UrbanWire appreciates the fact that Blizzard continues its tradition of having easter eggs to lighten the mood and reward dedicated gamers, first seen in Diablo II as The Secret Cow Level. This time, it’s a Secret Pony Level dubbed “Whimsyshire” – a colourful landscape full of rainbows, smiling clouds and pink pony mobs, designed as a mock tribute to the fans that thought that Diablo III was too colourful. There’s also a dungeon named “Development Hell” that has its zombie inhabitants named after its own developers, perhaps slyly implying that the amount of work and sleepless nights turned the development team into figurative zombies. Either way, both the levels are a blast to play through and UrbanWire salutes the extra effort involved.

Diablo III is a very complete game that has few shortcomings, but since no game is perfect, there arethings that it could surely do without.

One of the first things we’d recommend ditching is the monumental amount of loot obtainable throughout the game, because every other lootable spot and every few slain foes will yield up oodles of goodies. Remember your frustration in sifting through pages of spam in your mailbox, looking out for important emails? That’s the same way you feel about finding some decent equipment from the tons of junk and monster drops you’ll find. Perhaps fewer and more valuable item drops will make every find something to look forward to, and will keep the inventories of compulsive looters from filling up so quickly.

All this loot - and from just a single treasure chest.

The high price tag is, not surprisingly, something we can’t wait to see the back of. Diablo III competes in a saturated industry filled with decent RPGs like Torchlight (costing S$25) or even free-to-play MMORPGs like Path Of Exile, both of which are fairly similar to Diablo. The gaming market has always been accessible and affordable, and there’s no shortage of cheaper alternatives on Steam or from indie game developers.

Diablo III’s hotly debated Auction House allows players to trade in-game items for real money (and vice versa) among other players. This isn’t new to the gaming world, and neither is it necessarily a good thing, because players are motivated by gain and anyone with a lot of disposable income can buy his or her way into the game, as illustrated in this comic by Dorkly.

The one big shortcoming is that Diablo III lacks an offline mode. This prevents client-side hacking, but always having to be online can be inconvenient. We’ll start with the obvious – if your Internet (or Battle.net) is down, you can’t play the game, even in single player mode A slow Internet connection will also mean experiencing a lot of lag in-game, causing potential death and frustration, made worse by the fact that Singaporeans are connected to servers in America, causing even higher latency and more lag.

Background music (BGM) stays unnoticed mostly, but it can sound unsettling and foreboding at times, which is fitting for your forays through dungeons filled with monsters.
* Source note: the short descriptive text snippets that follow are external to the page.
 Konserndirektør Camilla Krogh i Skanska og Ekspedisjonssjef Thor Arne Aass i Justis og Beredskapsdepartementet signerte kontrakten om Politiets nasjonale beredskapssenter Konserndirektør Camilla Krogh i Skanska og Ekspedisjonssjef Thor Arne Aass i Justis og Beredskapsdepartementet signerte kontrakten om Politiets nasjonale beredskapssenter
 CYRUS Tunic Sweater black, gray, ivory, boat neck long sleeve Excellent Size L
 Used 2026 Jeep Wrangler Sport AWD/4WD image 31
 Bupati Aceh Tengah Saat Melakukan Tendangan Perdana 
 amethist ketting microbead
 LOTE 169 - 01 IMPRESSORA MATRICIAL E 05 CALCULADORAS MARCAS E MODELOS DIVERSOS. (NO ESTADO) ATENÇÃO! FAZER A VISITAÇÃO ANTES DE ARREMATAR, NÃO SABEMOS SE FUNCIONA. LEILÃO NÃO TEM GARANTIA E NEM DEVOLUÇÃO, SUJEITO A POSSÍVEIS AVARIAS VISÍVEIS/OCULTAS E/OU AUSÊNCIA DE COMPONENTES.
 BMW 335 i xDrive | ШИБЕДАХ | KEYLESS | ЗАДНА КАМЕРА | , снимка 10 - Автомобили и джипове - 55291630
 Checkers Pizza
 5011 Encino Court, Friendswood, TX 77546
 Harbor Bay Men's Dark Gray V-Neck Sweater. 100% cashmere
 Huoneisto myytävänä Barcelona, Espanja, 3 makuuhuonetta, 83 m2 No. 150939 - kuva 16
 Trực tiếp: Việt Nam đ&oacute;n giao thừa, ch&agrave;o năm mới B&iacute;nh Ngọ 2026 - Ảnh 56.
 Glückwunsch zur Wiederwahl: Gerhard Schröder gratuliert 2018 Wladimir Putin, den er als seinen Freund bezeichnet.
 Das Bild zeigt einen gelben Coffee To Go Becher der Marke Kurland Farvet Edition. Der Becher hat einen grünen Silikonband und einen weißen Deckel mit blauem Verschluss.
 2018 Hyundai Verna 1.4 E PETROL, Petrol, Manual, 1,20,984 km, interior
Anyhow, you probably won’t notice the BGM much since the sounds of your character engaged in battle are what you’ll be hearing most of the time.

All in all, Diablo III is a fairly good game that promises quite a lot of gaming time because you can run through the story on 4 difficulty levels (with dedicated gamers able to finish the story on “Normal” difficulty in 7 hours). It might not be worth getting if you simply want to know about the story, and you’re better off watching someone play through the game on YouTube. But if you’re broke and still want a copy, don’t hold your breath waiting for a price drop, because Blizzard, as always, won’t put its games on sale anytime soon.

Diablo III is available for Mac and PC, with full technical specifications here[LT7] . It contains blood and gore, and isn’t suitable for players under 16.